2016 Giant Anthem Advanced 27.5 2
2016 Giant Trance Advanced 27.5 2

Out of those two bikes which would be best for me, and my riding style? I don't have any bike shops close that carry both, so I can't demo them. I know it's not possible, bit I'm looking for a jack of all trades kind of bike. Out of those two, which bike would be a more "do it all" bike? 

Also, does Giant used the same carbon frame for all of their advanced models? For instance, is the frame the same on the Anthem Advanced 2, 1, 0 and even the frame set itself? From everything I read it seems to be the same. The reason I ask is that I just thought it was weird that the Anthem Advanced frame is $2,700, but for $400 more you can buy a complete bike on the same frame. What do you all think about Giants carbon frames?

Thanks in advance to everyone who reads this! I appreciate your time! 

~ Z


----------



## eb1888 (Jan 27, 2012)

Same frame.
Review.




27.5 is not my choice except Plus for anything XC or shorter travel. And 27.5 is not a first choice for transport either.


----------



## Z13 (Apr 21, 2016)

Good to know it's the same frame! I can get the Advanced 2 and upgrade the components. What is it about 650b that makes it not your first choice? I love 650b, because I feel that it splits the gap perfectly.


----------



## eb1888 (Jan 27, 2012)

A 29 with good geo is quick handling and rolls over things better. 
29s with Boost 148/110 are good with 27.5+ as an option for good tire tuning choices.
Giant doesn't have anything yet.


----------



## Z13 (Apr 21, 2016)

I gotcha. Well, out of the two I mentioned which do you think would be best for my riding style? 60% trails, 40% pavement. 

I originally wanted an Anthem, but now I'm leaning towards a Trance. I just don't know what to get!! 

Next year I'll probably end up building a new bike. So, if I get a trail bike now, I'll build an XC bike later. Vice versa. 

Would you say the Anthem, or the Trance would be better for a "do it all" type of thing? I know there is not a such thing as a "do it all", but I figured one of those two bikes should be close to it..

Thanks!


----------



## AndrwSwitch (Nov 8, 2007)

Neither of them is ideal for riding asphalt, but it kinda doesn't matter. If you're riding to the coffee shop, etc., then as long as the bike's pedaling efficiency and riding position aren't actively getting in your way, it's fine. Marginal changes in efficiency don't really matter. And if you want to go on fast group rides with roadies, they're both going to be pretty bad. Though suspension lockouts are nice to have on the road.

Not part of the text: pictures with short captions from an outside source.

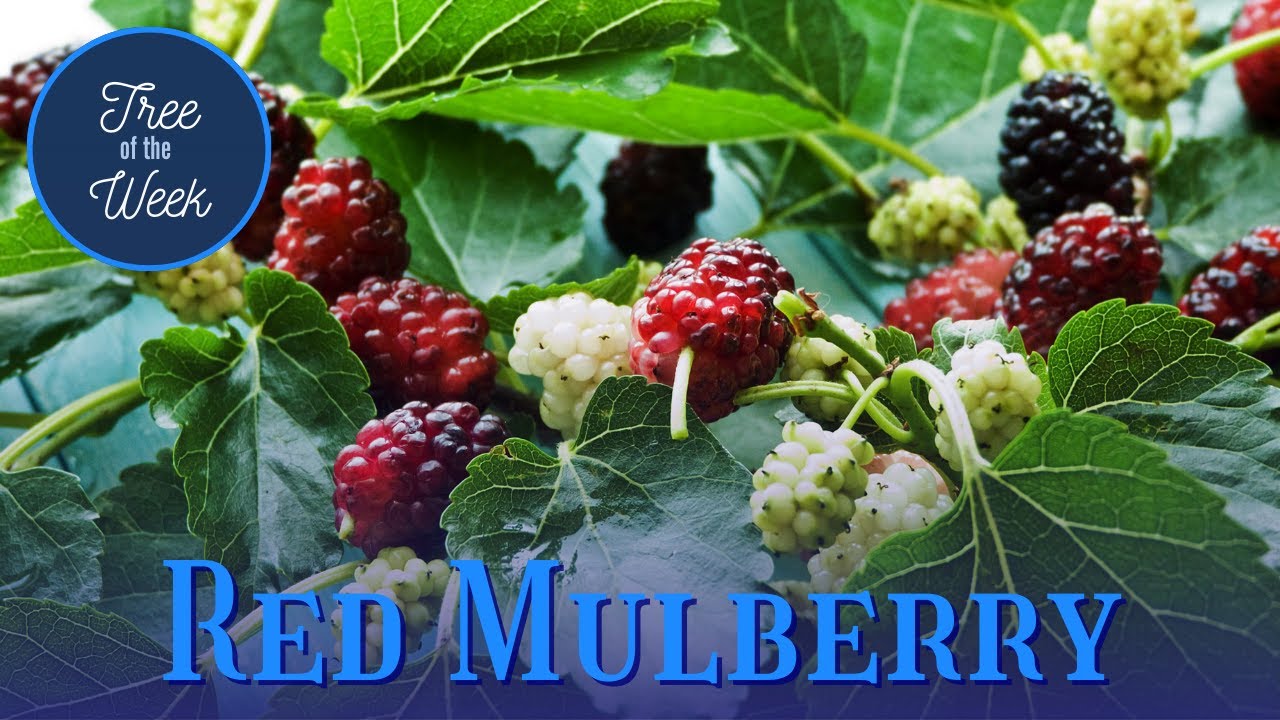 Tree the Week: Red Mulberry YouTube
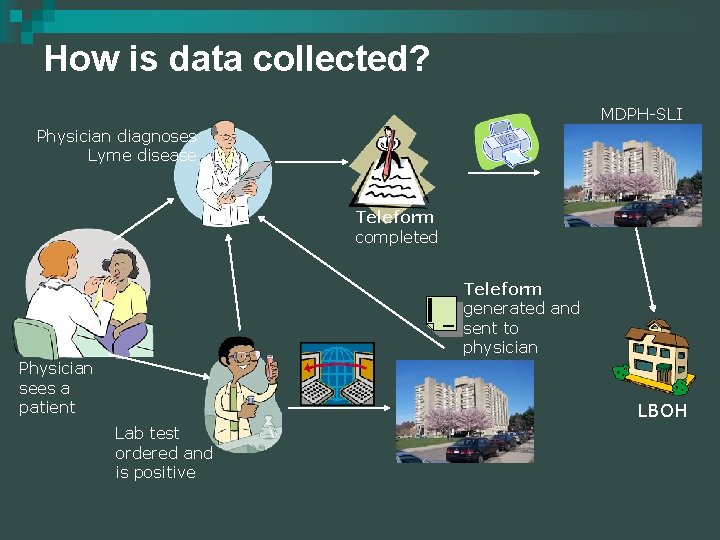 How is data collected? MDPH-SLI Physician diagnoses Lyme disease Teleform completed Teleform generated and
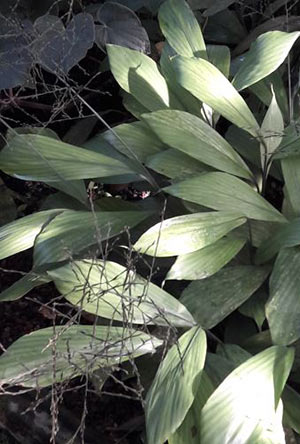 Pharus latifolius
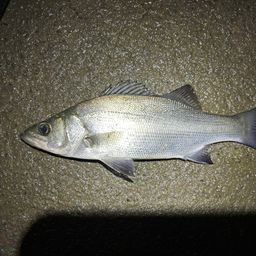 セイゴ（ヒラスズキ）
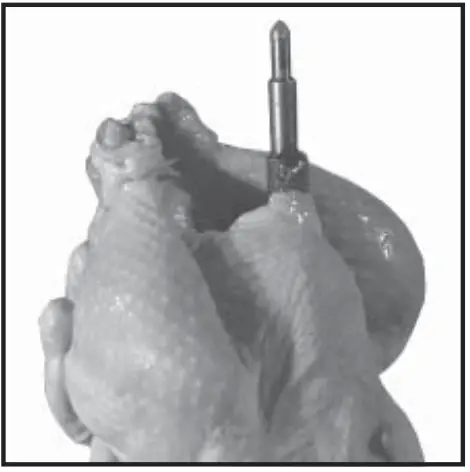 Old Hickory N-6.5G Barbecue Countertop Rotisserie - fig 14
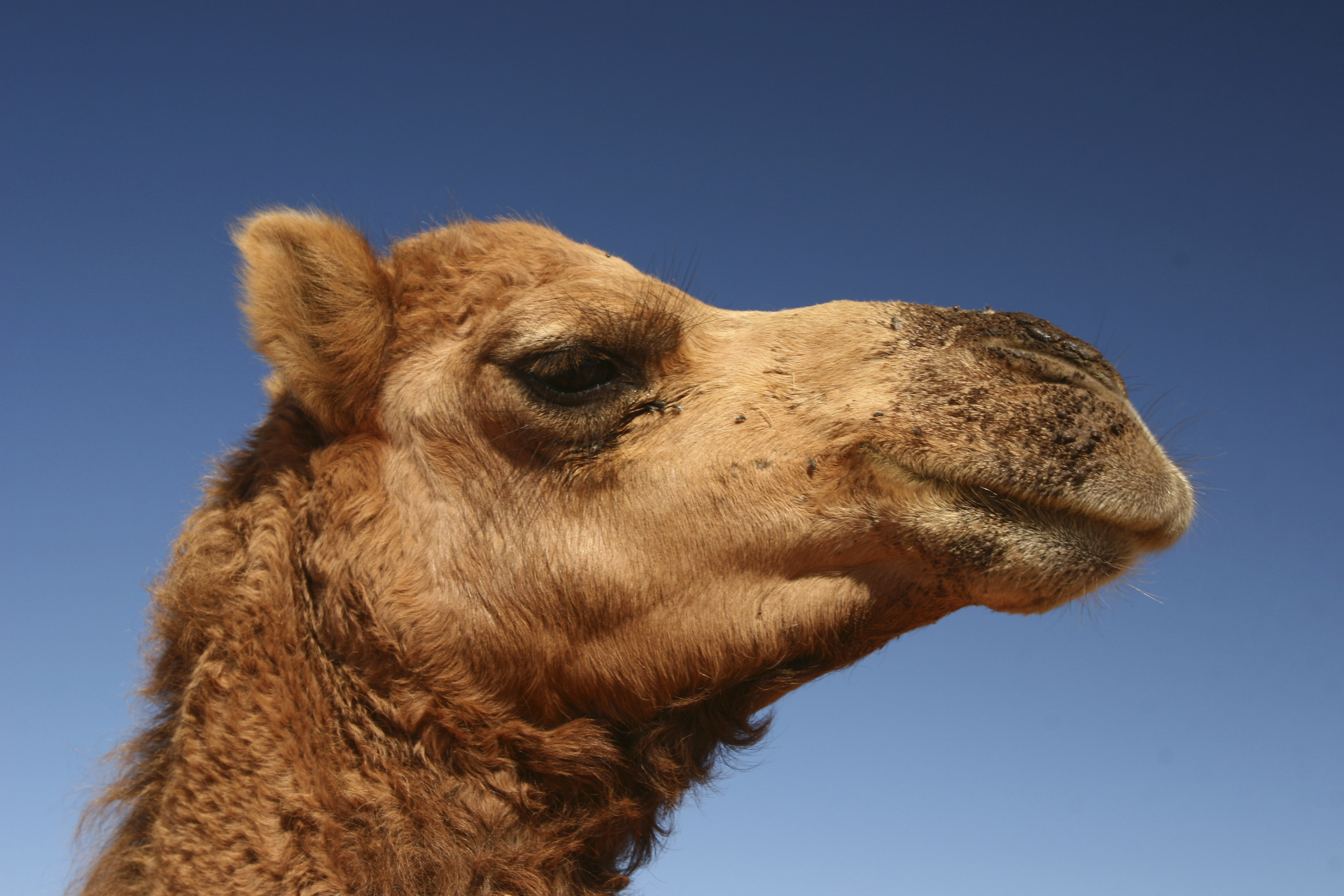 Camel in desert, Afghanistan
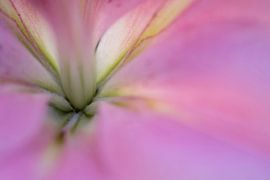 Lily by Monique Plantinga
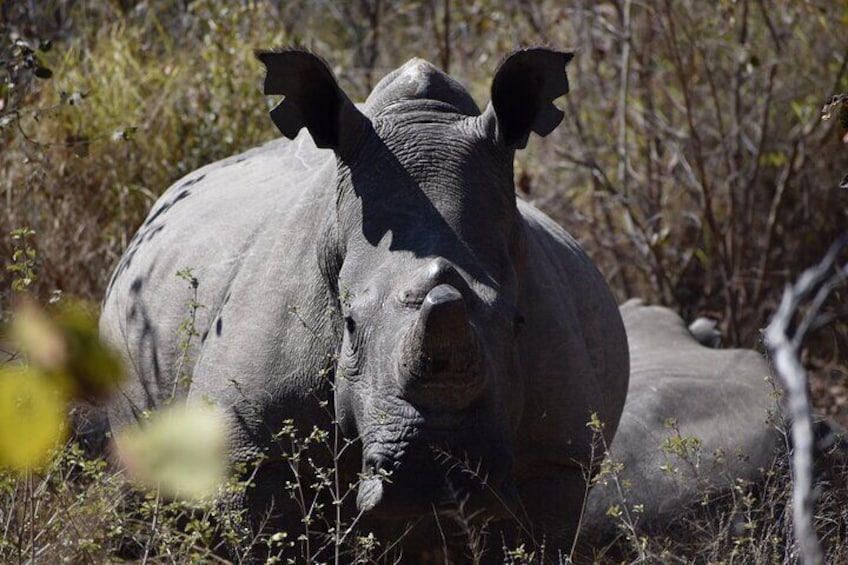 Mzingeli Rhino Encounter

So for me, it would be more about which one I thought I'd have more fun with on trails. That depends a lot on your trails. Do you have friends who ride? Do you know what people in your area are riding? I love my XC bike but for me, those bikes are more and more about racing. The big manufacturers have rear suspension pretty well figured out so if they want it to pedal well and climb well, it does. That means if I'm not trying to beat someone up a hill, there's not a lot of reason for me to ride a short-travel bike and not my 140 mm bike. That would suggest the Trance.


----------



## eb1888 (Jan 27, 2012)

Plus bikes are coming on strong. For your dual use I'd ride a Trek Stache 7. Or one of the new 27.5+ carbon hardtails coming out soon.
I'd use a second wheelset for the commute.


----------



## AndrwSwitch (Nov 8, 2007)

When you say you also use your bike as transportation - is there a reason this new bike would need to fill in that role?


----------



## jcd46 (Jul 25, 2012)

Keep the one you currently have for the neighborhood and use the new Giant you like best for the trails  

Man, Giants are popular I saw so many this morning like 1 out of 3 and it was a busy morning in the trails.


----------



## faceplant72 (Oct 25, 2009)

Im an anthem 29r owner and 90% of the time its all the bike I need but there are some times I feel the anthem is just to lightly built. The anthem broken frame thread is aproaching 100 pages. On a do over I probably would have went with the Trance for my riding style. But for your needs I would suggest 2 bikes. A $500 road bike is going to outperform any mountainbike in a century. It you go aluminum you can have a Trance and a road bike and not really loss much in mountainbiking and gain massively on the road

Sent from my SM-G900P using Tapatalk


----------



## rcoe (Apr 9, 2014)

While neither of those bike are a good commuting bike I would say the Anthem would be the better of the two. With the Trance you are getting into a little more of an aggressive enduro type bike. The Anthem will be a much better pedaler.


----------



## DiRt DeViL (Dec 24, 2003)

The Trance is a trail bike fun to ride, should be terrible for commuting.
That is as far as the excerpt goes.